Методически оправданным является то, что материал о развитии профессиональной исторической науки в России (лекция 10) предшествует лекции 11 о Н.М. Карамзине. Н.М. Карамзин не был профессиональным историком и сумел достичь профессионального уровня путем многолетнего совершенствования, включения интуиции художника. Сам труд Н.М. Карамзина - «История государства Российского» - представлен в пособии Н.В. Халявина традиционно для историографических пособий. Между тем можно было бы заострить проблему научного вклада Н.М. Карамзина разбирая соотношение основного текста и его примечаний. Так великий историк более органично бы включался в историю исторической науки. Можно на конкретных примерах показать, как Н.М. Карамзин, выбирая из нескольких версий разных источников, останавливался на более достоверной, и как Н.М. Карамзин

силой своего литературного таланта формировал стереотипы (например, о причастности Бориса Годунова к убийству царевича Дмитрия). Лекция о Н.М. Карамзине нуждается в том, чтобы в списке трудов о нем было помещено начатое в конце 1980-х гг. и продолжающееся поныне академическое издание «Истории государства Российского». В нем представлено отношение современной науки к вкладу Карамзина в решение различных проблем русской истории. Подобно разговору о Щербатове, материал о Н.М. Карамзине был бы оживлен более подробным текстом о «Записке о древней и новой России», где, кстати, освещена не только история России в XVII-XVIII вв. (с. 112, 114, 115), о ее судьбе, рассуждениями о том, почему она не публиковалась в царское и в советское время.
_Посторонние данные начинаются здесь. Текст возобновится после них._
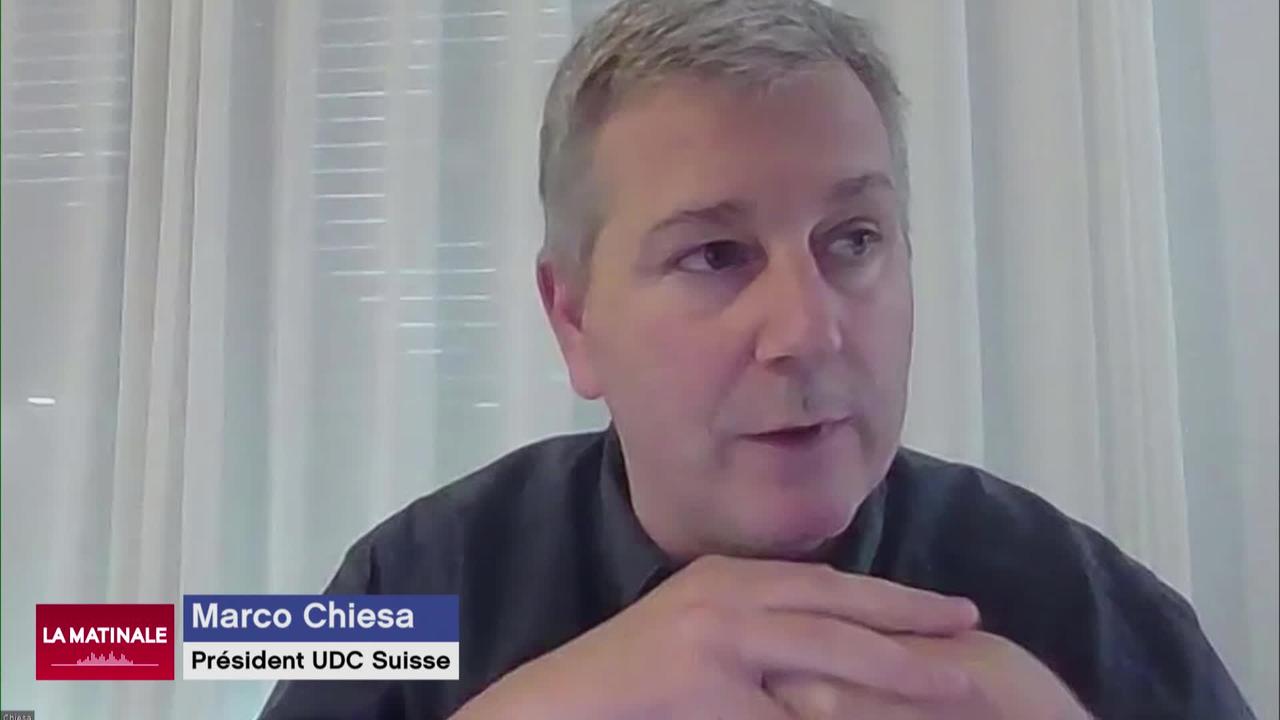 L'invité de La Matinale (vidéo) - Marco Chiesa, président de l’UDC Suisse et défavorable à la Loi climat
Достаточно подробный разбор позиций славянофилов (лекция 12) ценен тем, что позволяет понять идейные позиции историков И.Д. Беляева, Н.А. Попова, формирование государственной школы в стане «западников» (лекции 13, 14). В данных разделах недостает материала о собственно научном вкладе И.Д. Беляева, об актуальности штудий В.И. Сергеевича («’’Второе поколение” государственников» - с. 142) для современной школы И.Я. Фроянова в деле изучения истории Древней Руси.

Лекция 14, посвященная формированию демократического направления в историографии, тоже нуждается в определенном осовременивании. Роль В. Г. Белинского, в общем-то неисторика, можно представить более объёмно, поскольку он заложил основы критического литературоведения, приемы которого достаточно широко применяются в текстологии, источниковедении. Удачно вплетена в текст о А.И. Герцене информация о его работе «Вотяки и черемисы» (с. 146), которая актуализирует его фигуру в преподавании историографии в Удмуртском государственном университете. Критикуя большой удельный вес в пособии материала по общественно-политической мысли, в частности по Герцену, можно посоветовать Н.В. Халявину более подробно прописать источниковедческий вклад А.И. Герцена, собиравшего и публиковавшего за границей источники, которые самодержавие пыталось спрятать, уничтожить. Исчезновение этих источников привело бы к обеднению отечественной исторической науки. В данном случае студентам, желающим больше узнать об этом вкладе А.И. Герцена, можно рекомендовать труды Н.Я. Эйдельмана5, которые сейчас переиздаются. Удачными надо признать страницы пособия, посвященные творчеству А.П. Щапова, Н.И. Костомарова и В.И. Семевского. Однако можно было усилить научную роль А.П. Щапова тем, что он начал полномасштабно исследовать историю раскола и народных движений.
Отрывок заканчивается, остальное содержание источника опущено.